### Task objective
Under this line sits a listing. Repeat exactly and only its lines from the one holding "Photo 3 of Single" through the one holding "3 bedroom terraced"; skip pictures.

### Data for processing

•••••

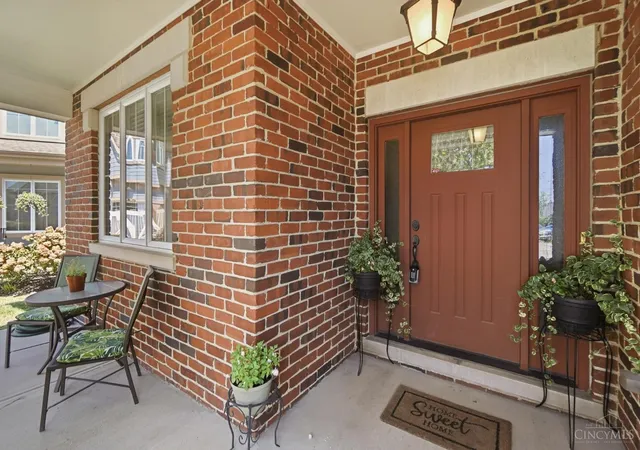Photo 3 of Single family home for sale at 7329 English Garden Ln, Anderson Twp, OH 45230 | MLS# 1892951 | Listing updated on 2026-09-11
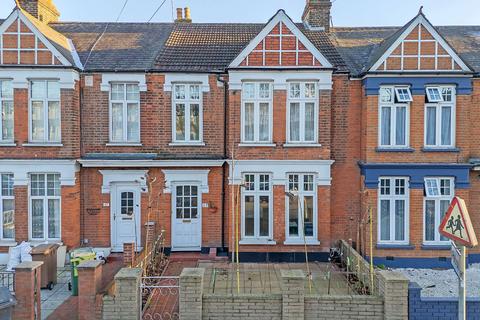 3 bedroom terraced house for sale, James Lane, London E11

•••••

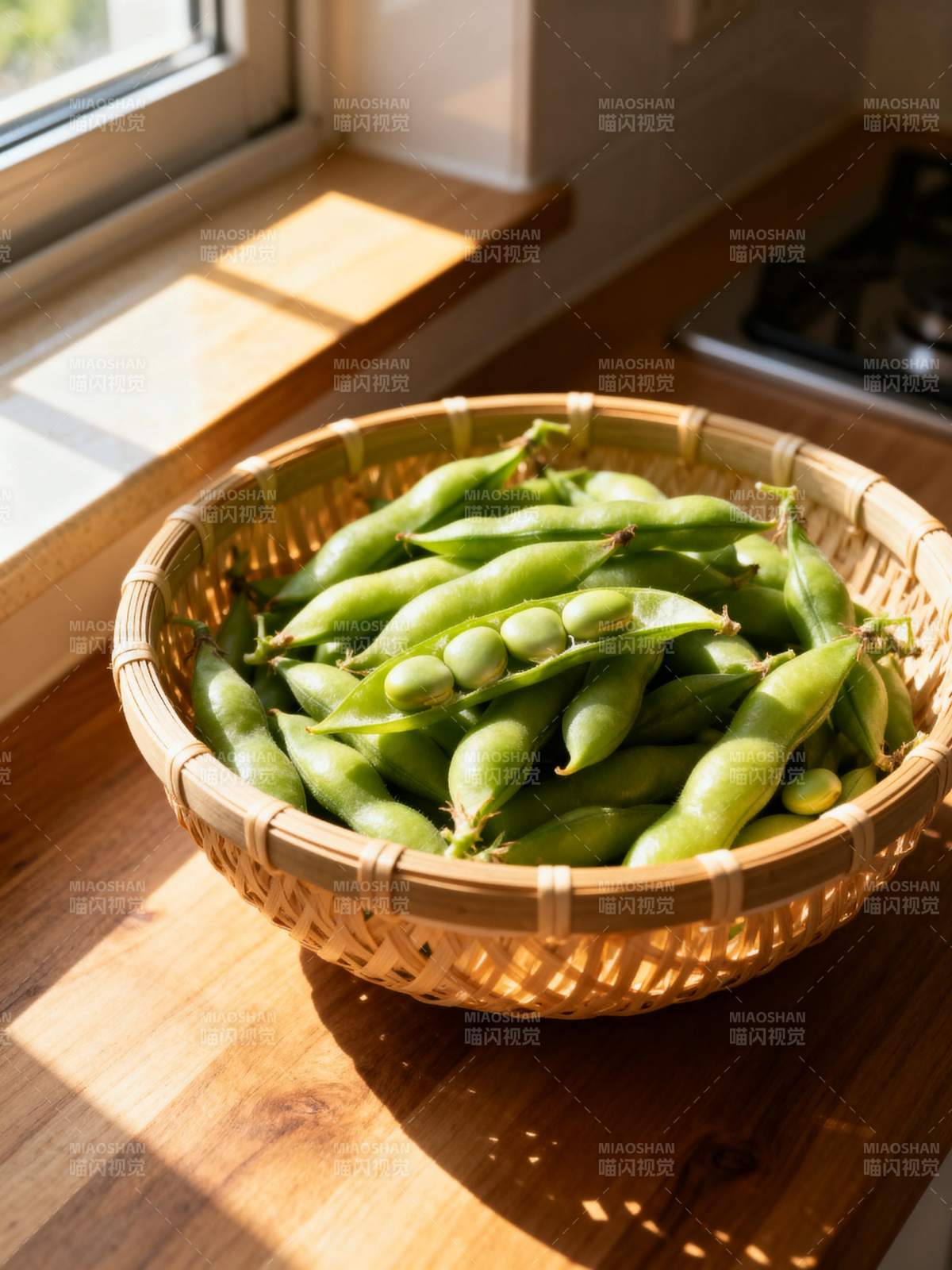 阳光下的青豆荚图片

•••••

### Your solution
Photo 3 of Single family home for sale at 7329 English Garden Ln, Anderson Twp, OH 45230 | MLS# 1892951 | Listing updated on 2026-09-11
 3 bedroom terraced house for sale, James Lane, London E11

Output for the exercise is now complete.